Benthic Habitats and the Effects of Fishing

Symposium Abstract: Fast-Track Methods for Assessing Trawl Impacts

R. A. Coggan, C. J. Smith, R. J. A. Atkinson, K. N. Papadopoulou, T. D. I. Stevenson, P. G. Moore, and I. D. Tuck

doi: https://doi.org/10.47886/9781888569605.ch22

Traditional methods for assessing the impact of towed demersal fishing gear are notoriously slow, taking years to report and imposing undesirable delays in the provision of scientific advice on which fisheries and environmental managers can act. There is a need to develop rapid methods for assessing trawl impacts. We evaluate and compare a suite of rapid methodologies covering a range of readily accessible technologies including:

(1) Acoustic methods: sidescan sonar and bottom discriminating sonar (RoxAnn);

(2) Visual methods: towed video sledge and ROV;

(3) Faunal sampling (epibenthic megafauna): tissue damage, community analysis, population density, functional group composition; and

(4) Sedimentology: granulometry, geotechnical properties and sediment profile imagery.

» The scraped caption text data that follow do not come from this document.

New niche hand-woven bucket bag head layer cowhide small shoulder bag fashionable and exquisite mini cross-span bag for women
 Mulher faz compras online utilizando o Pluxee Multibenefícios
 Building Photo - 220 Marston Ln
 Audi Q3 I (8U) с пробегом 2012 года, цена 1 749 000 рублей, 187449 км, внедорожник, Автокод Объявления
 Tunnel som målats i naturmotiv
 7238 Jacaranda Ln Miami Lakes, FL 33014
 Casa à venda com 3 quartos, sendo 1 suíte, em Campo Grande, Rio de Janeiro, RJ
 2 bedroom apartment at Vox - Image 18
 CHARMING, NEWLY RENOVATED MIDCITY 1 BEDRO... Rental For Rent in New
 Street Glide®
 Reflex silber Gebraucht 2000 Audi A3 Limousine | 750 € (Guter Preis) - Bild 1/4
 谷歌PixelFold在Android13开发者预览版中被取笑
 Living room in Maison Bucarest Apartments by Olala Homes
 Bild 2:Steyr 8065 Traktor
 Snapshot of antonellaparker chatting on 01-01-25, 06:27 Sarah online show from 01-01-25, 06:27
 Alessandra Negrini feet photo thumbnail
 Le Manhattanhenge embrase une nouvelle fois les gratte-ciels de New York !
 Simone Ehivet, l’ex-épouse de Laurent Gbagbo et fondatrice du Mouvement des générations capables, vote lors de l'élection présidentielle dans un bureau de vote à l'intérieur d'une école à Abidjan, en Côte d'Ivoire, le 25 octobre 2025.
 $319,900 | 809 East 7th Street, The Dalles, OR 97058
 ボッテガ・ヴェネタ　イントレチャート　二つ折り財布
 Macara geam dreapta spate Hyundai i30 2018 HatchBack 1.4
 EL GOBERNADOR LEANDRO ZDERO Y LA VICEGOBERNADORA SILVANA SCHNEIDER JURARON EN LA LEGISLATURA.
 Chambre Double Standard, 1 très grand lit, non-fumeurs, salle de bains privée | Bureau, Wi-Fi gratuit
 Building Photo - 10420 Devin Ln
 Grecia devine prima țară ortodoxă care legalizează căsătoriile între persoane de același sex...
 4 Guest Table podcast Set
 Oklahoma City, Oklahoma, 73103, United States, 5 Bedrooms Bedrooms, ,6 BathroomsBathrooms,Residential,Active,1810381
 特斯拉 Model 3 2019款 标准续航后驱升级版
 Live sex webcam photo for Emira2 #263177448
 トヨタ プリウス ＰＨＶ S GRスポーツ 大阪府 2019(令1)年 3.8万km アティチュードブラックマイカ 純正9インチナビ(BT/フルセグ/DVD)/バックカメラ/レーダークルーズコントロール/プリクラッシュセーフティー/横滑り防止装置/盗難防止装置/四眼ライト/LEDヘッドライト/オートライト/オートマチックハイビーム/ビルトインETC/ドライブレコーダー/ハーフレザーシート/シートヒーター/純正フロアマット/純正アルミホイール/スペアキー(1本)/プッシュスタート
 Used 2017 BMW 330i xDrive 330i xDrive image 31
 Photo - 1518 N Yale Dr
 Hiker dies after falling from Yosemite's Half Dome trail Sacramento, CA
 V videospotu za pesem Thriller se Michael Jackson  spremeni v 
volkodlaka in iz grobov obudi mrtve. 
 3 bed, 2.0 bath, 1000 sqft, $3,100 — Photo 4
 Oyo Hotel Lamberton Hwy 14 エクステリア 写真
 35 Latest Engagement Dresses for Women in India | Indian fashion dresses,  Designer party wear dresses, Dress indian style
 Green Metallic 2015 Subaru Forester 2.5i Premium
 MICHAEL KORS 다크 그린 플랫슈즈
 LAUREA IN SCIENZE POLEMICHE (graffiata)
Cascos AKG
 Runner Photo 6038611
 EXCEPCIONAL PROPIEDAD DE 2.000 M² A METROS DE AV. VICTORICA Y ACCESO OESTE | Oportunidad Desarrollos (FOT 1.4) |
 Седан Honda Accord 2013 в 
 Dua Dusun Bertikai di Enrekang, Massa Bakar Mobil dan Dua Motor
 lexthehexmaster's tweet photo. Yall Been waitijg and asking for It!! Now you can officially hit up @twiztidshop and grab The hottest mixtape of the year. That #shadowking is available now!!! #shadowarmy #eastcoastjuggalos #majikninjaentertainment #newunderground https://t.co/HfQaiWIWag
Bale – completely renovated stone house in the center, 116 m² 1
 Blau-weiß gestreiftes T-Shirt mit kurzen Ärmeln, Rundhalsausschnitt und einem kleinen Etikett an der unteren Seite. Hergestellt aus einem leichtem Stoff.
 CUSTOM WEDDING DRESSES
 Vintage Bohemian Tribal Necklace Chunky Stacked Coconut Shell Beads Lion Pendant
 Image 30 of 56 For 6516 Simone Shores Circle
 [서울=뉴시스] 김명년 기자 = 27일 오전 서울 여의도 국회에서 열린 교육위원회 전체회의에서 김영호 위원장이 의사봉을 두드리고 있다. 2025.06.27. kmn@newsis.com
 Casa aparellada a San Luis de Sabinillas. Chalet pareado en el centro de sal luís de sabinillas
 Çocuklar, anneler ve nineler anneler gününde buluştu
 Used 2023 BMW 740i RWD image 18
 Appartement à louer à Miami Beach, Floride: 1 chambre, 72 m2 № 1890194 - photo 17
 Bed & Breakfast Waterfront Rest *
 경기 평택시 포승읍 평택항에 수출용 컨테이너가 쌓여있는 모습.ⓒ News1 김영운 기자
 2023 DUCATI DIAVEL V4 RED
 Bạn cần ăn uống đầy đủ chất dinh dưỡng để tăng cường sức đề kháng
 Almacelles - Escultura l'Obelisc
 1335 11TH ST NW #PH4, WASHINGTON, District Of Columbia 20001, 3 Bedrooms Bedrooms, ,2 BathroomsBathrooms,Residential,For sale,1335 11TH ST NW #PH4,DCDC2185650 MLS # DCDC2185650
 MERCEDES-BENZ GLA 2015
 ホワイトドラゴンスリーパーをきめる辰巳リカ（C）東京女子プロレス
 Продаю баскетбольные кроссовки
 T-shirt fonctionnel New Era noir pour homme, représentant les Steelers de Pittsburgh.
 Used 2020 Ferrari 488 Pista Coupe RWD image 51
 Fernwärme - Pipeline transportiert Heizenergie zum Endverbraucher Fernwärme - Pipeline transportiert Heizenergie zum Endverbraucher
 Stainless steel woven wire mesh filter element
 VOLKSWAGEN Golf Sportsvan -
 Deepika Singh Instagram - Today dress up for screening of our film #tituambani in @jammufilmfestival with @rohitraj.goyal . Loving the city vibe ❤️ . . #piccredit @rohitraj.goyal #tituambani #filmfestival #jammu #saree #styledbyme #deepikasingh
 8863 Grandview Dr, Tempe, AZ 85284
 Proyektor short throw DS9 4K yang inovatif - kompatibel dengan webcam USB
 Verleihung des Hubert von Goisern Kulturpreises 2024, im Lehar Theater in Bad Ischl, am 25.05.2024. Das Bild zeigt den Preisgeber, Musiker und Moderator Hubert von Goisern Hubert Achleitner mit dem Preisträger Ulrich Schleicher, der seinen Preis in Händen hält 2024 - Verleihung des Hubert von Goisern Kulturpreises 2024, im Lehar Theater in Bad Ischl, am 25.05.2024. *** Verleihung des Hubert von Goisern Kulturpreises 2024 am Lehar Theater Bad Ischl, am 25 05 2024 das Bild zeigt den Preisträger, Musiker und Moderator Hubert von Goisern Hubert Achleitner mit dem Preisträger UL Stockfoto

These methods were applied to otter trawl fisheries in the Clyde Sea, Scotland and the Aegean Sea, Mediterranean, at sites representing a range of trawl impacts. Novel methods of analysis were developed for quantitative interpretation of sidescan and video records. The scientific effectiveness, cost effectiveness and operational constraints of the various methodologies are reviewed. We recommend suitable approaches to the rapid assessment of trawl impacts taking into consideration the variety of resources (such as time, equipment and budget) which may be available. Assessments should employ complementary methods that operate on different scales of resolution (eg. sidescan sonar with either faunal sampling or ROV). Site-specific factors, such as topography and substratum type, will influence choice of methods and survey design. These rapid methodologies can provide results in a matter of days or weeks rather than the months or years associated with traditional assessment methods.